Verse 21
Salute every saint in Christ Jesus. The brethren that are with me salute you. All the saints salute you, especially they that are of Caesar's household. The grace of the Lord Jesus Christ be with your spirit.
Hendriksen, like many others, has supposed that Paul might have written these final verses with his own hand, as he sometimes did, thus making such an inscription a kind of signature.
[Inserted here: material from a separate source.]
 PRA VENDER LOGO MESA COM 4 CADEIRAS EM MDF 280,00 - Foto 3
Knight wrote that "One would expect in a personal letter such as this to find in the closing salutations a number of names."[36] Despite the fact of many scholars accepting such a proposition, such an expectation as that mentioned by Knight is as fantastically unreasonable as any that could be contrived by the imagination. In no other scholarly assumption is there such a vacuum of intelligent reasoning as in this. Think a moment. If Paul saluted a few friends by name at the end of this epistle, it would have been an insult to a hundred others whom he personally knew in Philippi. We have already seen under Philippians 4:3 how the great apostle had avoided getting involved with writing any more personal names (see comment); and for him gratuitiously to have included a list of names here was unthinkable. Any minister who ever served a large church with hundreds of his personal friends members of it will instantly recognize what an unconscionable blunder it would have been for Paul to tack on a list of personal greetings here, unless he had been planning to name "all of those" whom he knew and loved at Philippi. Thus the objection voiced by Knight uncovers no fault of the apostle's but it does show the fuzzy thinking of many scholars on this point.
Salute every saint ... "Only here in the New Testament does [Greek: hagios] (saint) occur in the singular (fifty-seven times in the plural), and even here it is prefaced by every, a strong reminder that Christianity is a corporate affair."[37]
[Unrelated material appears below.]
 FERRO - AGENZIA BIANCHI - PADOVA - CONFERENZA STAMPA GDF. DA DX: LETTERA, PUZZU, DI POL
Saints in Caesar's household ... As Barclay said, "This is what we would call the Imperial Civil Service."[38] Caesar's household was all over the empire, wherever his servants or officers were carrying out the emperor's orders. Despite this, it should be remembered that Paul was in Rome when this was written, justifying the conclusion that "Christianity had infiltrated into the highest positions in the empire."[39]
Lightfoot took a step in the direction of identifying some of these with some of the individuals saluted in Romans 16. See my Commentary on Romans under that reference. If slaves of a nobleman in the provinces were willed to the emperor, then upon the death of the nobleman, the slaves would be transferred to Rome, but still retain their family identity, as the "household of Aristobulus" for example; and Lightfoot thought some of the "household" mentioned here might formerly have lived at Philippi. He wrote:
This supposition best explains the incidental character of the allusion. Paul obviously assumes that his distant correspondents know all about the persons thus referred to. If so, we are led to look for them in the long list of names saluted by St. Paul some three years before in the epistle to the Romans.[40]
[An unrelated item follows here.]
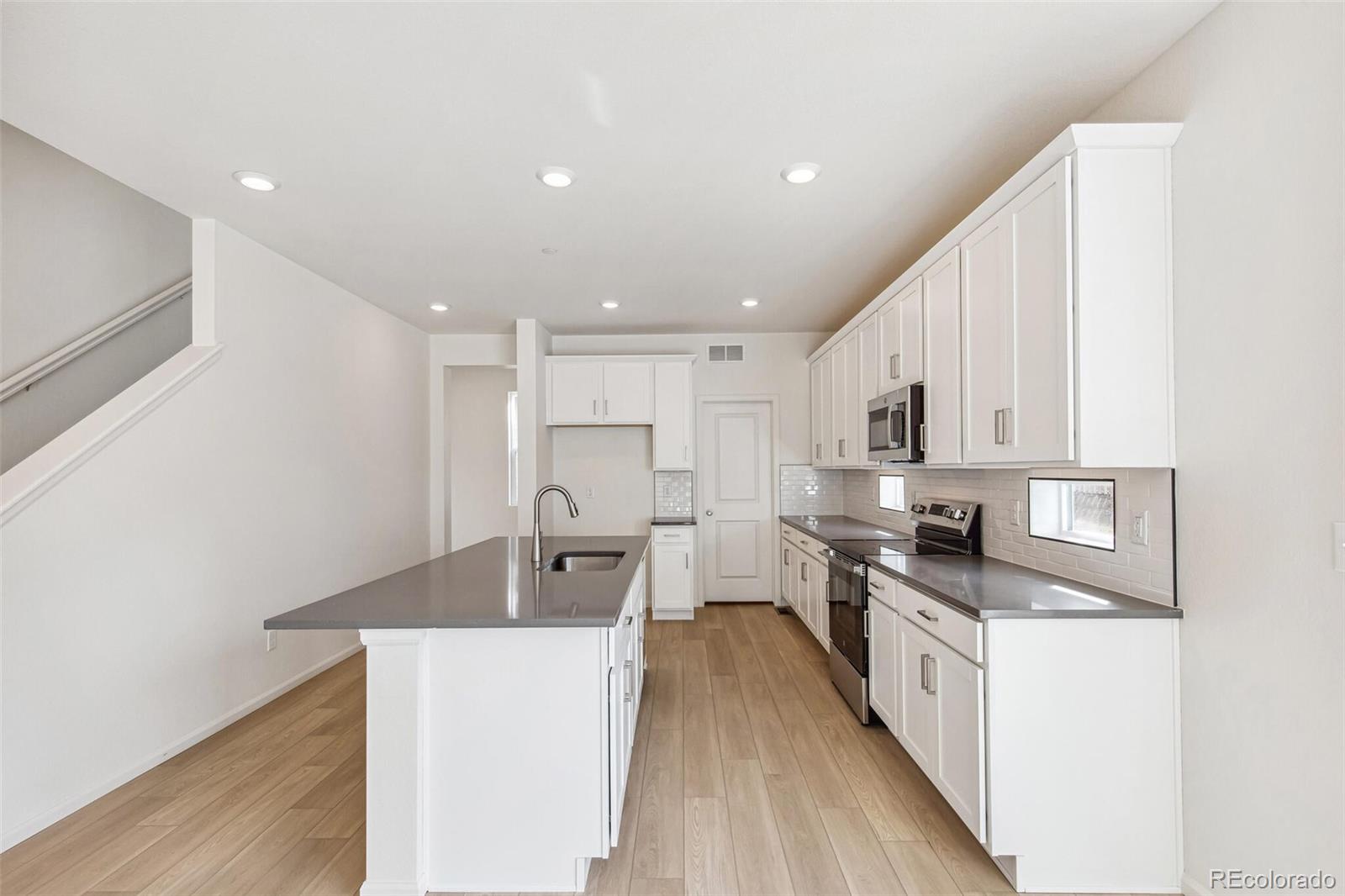 MLS Image #10 for 13422 e 110th way,commerce city, Colorado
The Lord Jesus Christ ... The prevalence of this expression in Philippians is significant. Almost every other line in the epistle has it in one form or another, making it rank along with "in Christ" as a distinctive mark of the Pauline theology. All people should praise God for the remarkable beauty and effectiveness of this priceless personal letter preserved through so many dangers and centuries to bless the saints of all ages.
[36] John A. Knight, op. cit., p. 352.
[37] Robert H. Mounce, op. cit., p. 777.
[38] William Barclay, op. cit., p. 87.
[39] Ibid.
[40] J. B. Lightfoot, op. cit., p. 173.